-- EXERCISE INSTRUCTIONS --
Please restate the data below word for word, omitting all images.

-- DATA SHOWN --
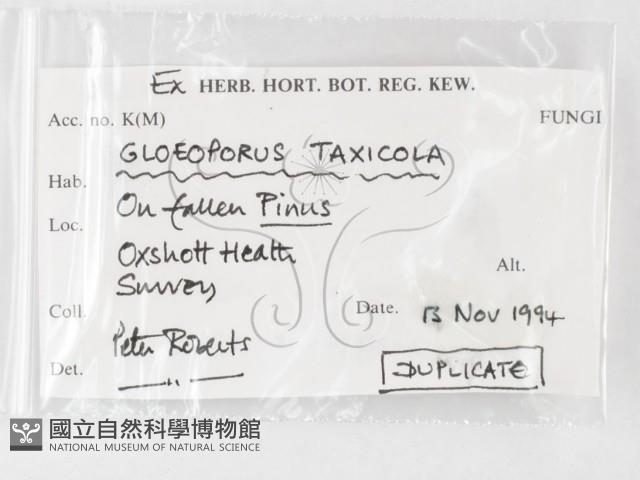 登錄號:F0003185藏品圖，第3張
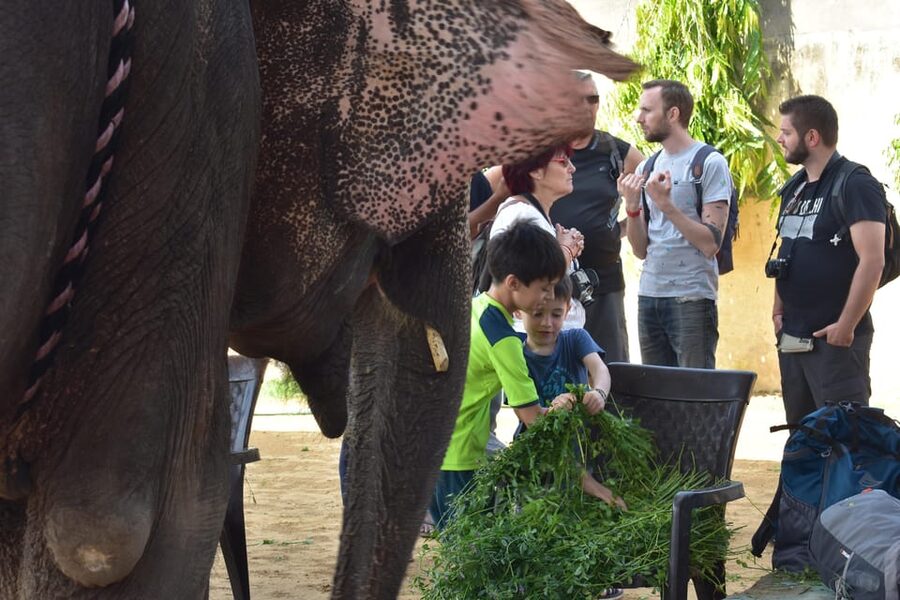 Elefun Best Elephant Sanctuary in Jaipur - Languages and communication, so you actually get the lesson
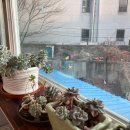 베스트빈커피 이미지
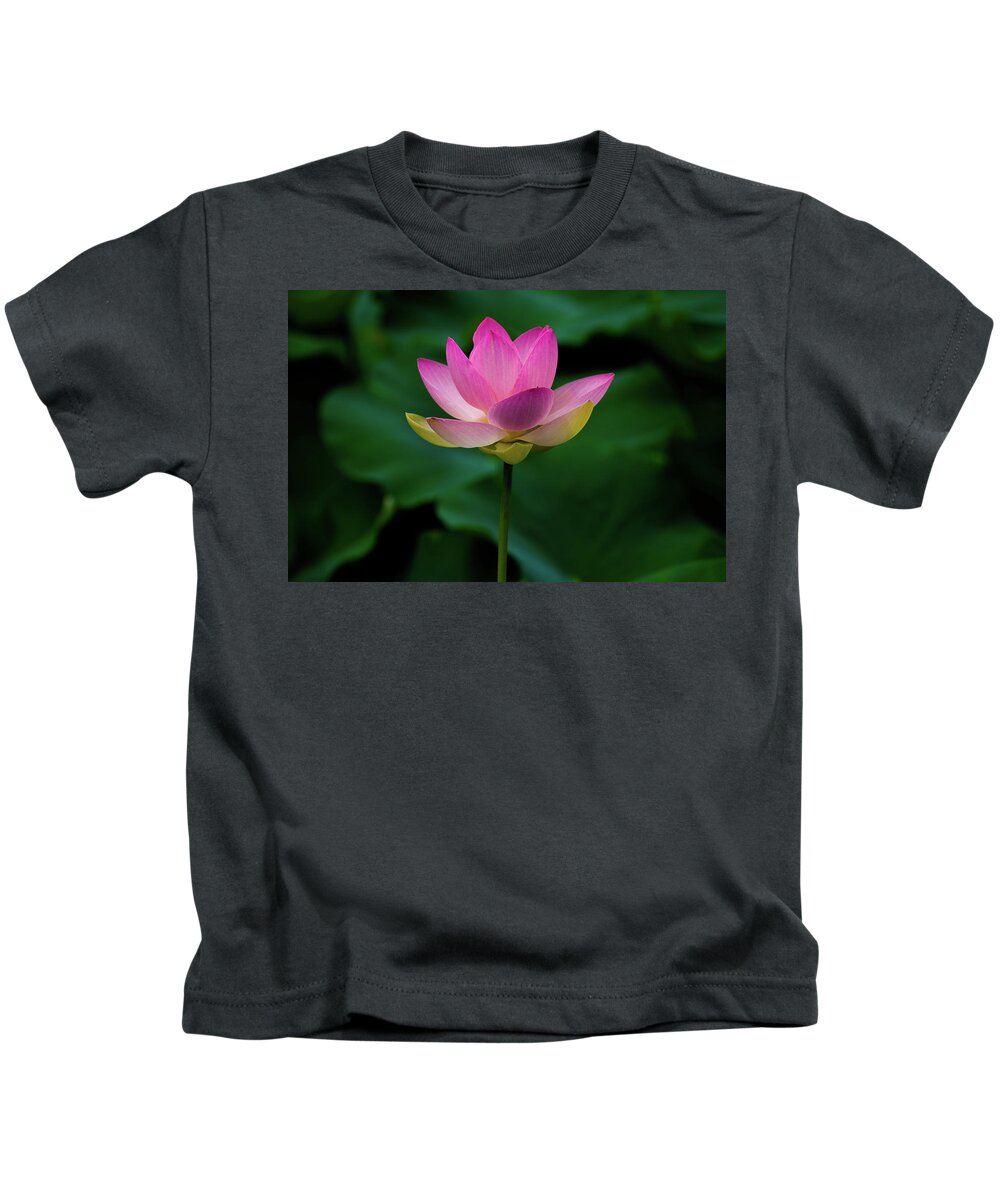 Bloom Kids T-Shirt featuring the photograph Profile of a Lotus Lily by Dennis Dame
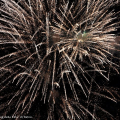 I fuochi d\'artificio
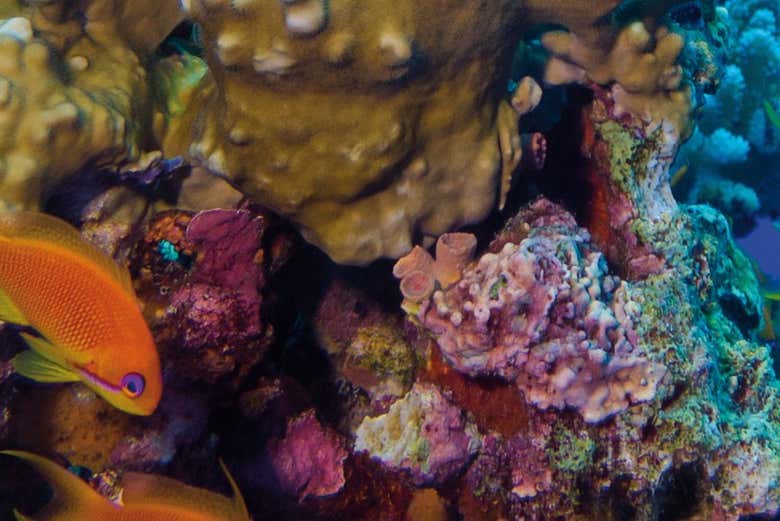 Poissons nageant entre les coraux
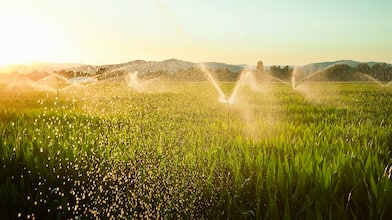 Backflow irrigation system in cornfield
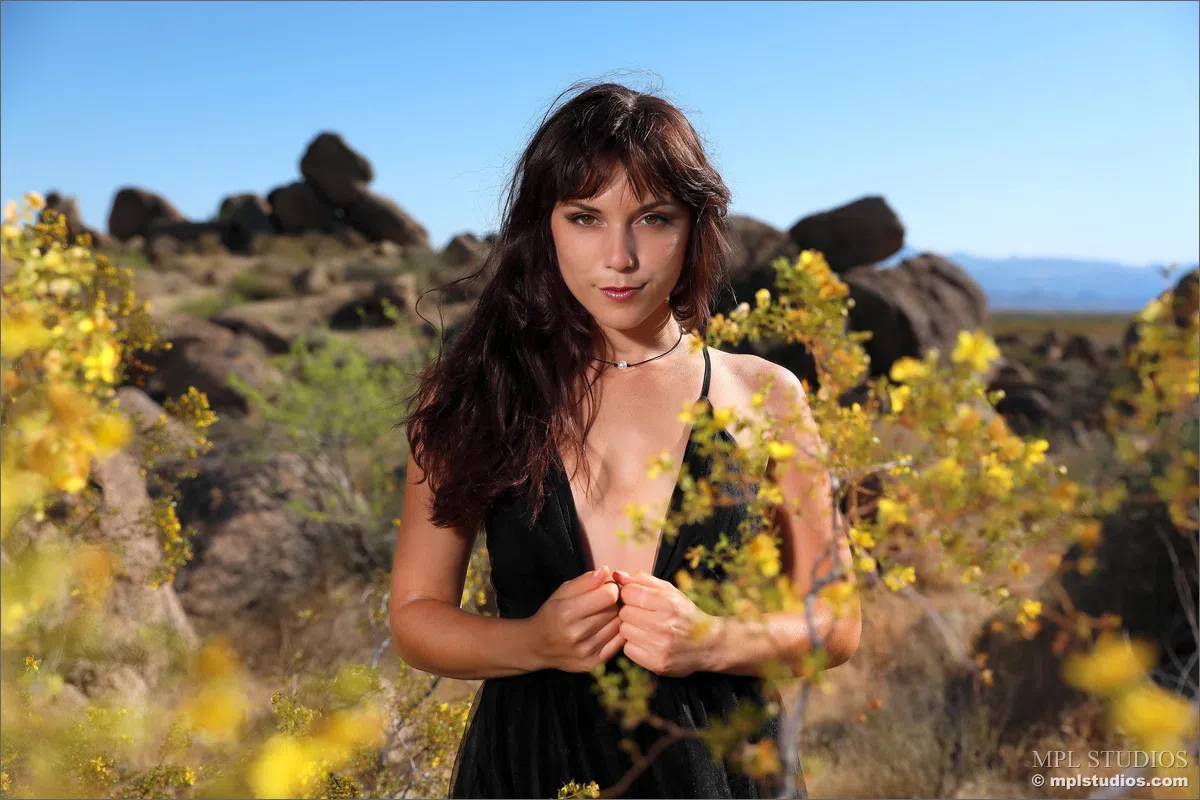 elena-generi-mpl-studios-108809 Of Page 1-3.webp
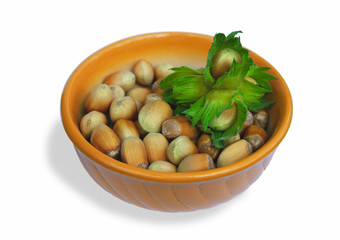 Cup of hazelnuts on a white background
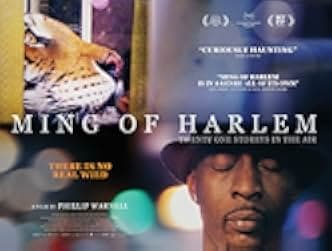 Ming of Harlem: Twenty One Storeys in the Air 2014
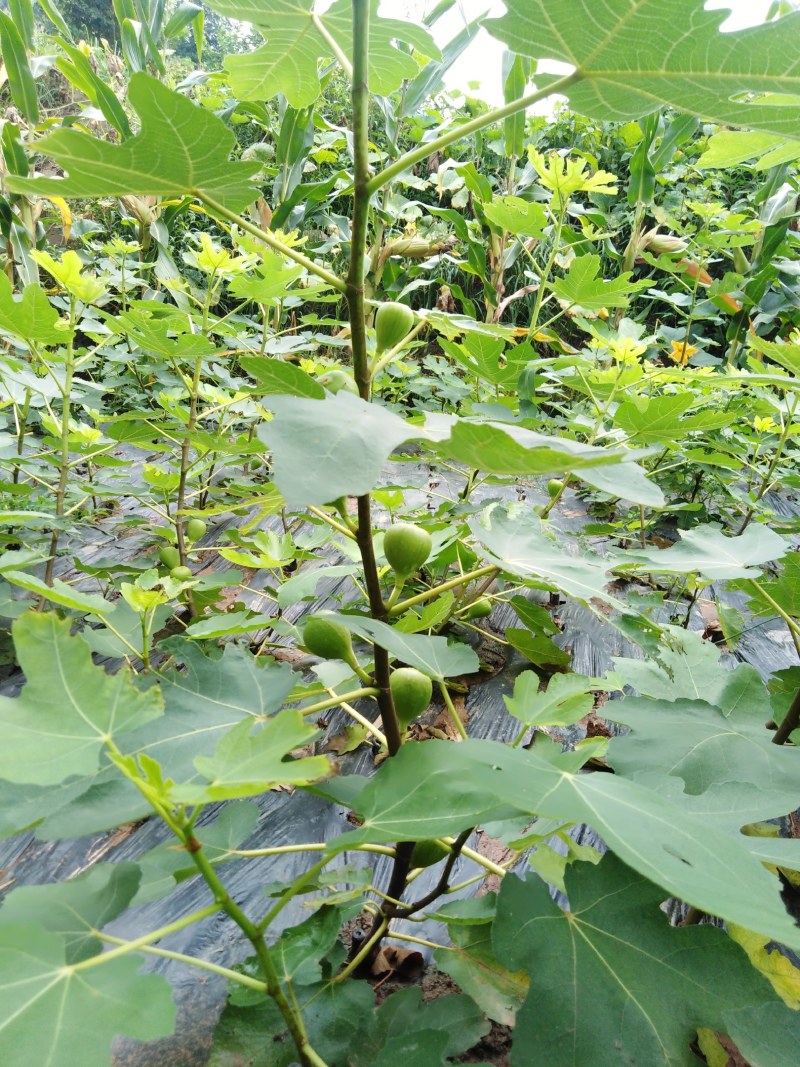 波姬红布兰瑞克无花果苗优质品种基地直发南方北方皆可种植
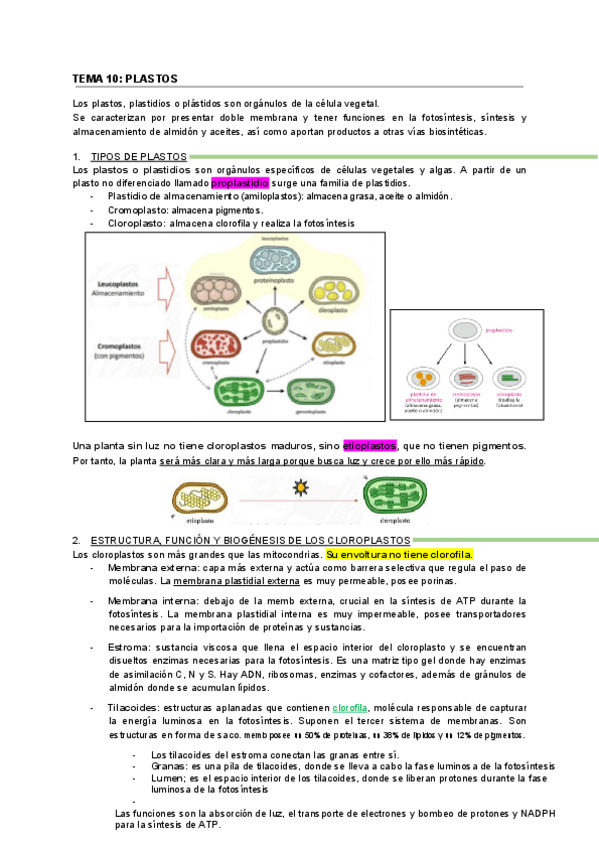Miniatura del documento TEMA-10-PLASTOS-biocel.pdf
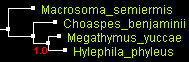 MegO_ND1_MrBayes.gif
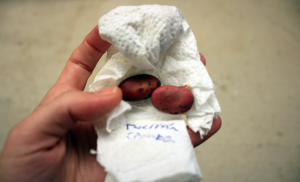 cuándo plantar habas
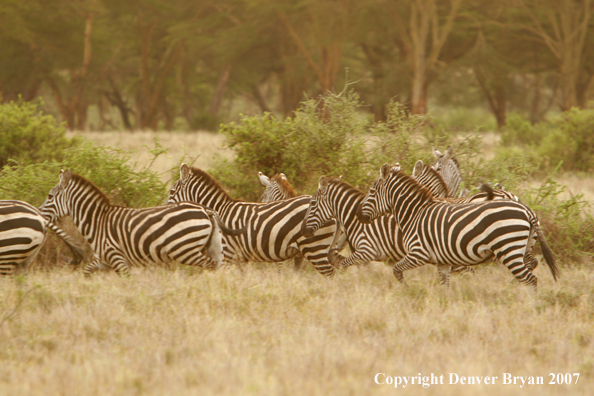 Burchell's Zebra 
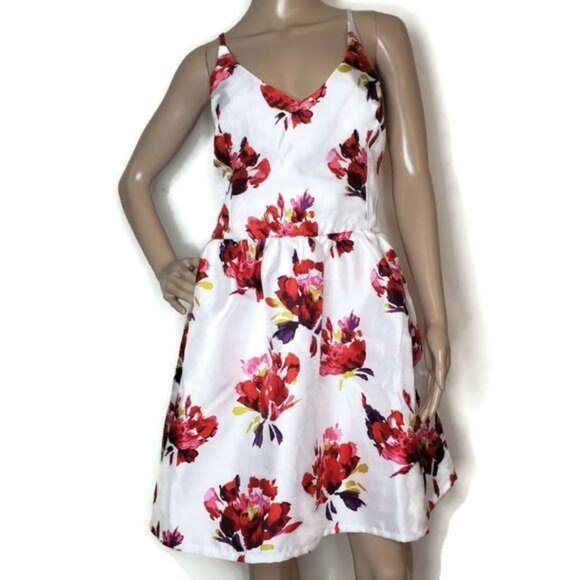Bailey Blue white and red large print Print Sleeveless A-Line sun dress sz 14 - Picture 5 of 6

-- RESULT --
 登錄號:F0003185藏品圖，第3張
 Elefun Best Elephant Sanctuary in Jaipur - Languages and communication, so you actually get the lesson
 베스트빈커피 이미지
 Bloom Kids T-Shirt featuring the photograph Profile of a Lotus Lily by Dennis Dame
 I fuochi d\'artificio
 Poissons nageant entre les coraux
 Backflow irrigation system in cornfield
 elena-generi-mpl-studios-108809 Of Page 1-3.webp
 Cup of hazelnuts on a white background
 Ming of Harlem: Twenty One Storeys in the Air 2014
 波姬红布兰瑞克无花果苗优质品种基地直发南方北方皆可种植
Miniatura del documento TEMA-10-PLASTOS-biocel.pdf
 MegO_ND1_MrBayes.gif
 cuándo plantar habas
 Burchell's Zebra 
Bailey Blue white and red large print Print Sleeveless A-Line sun dress sz 14 - Picture 5 of 6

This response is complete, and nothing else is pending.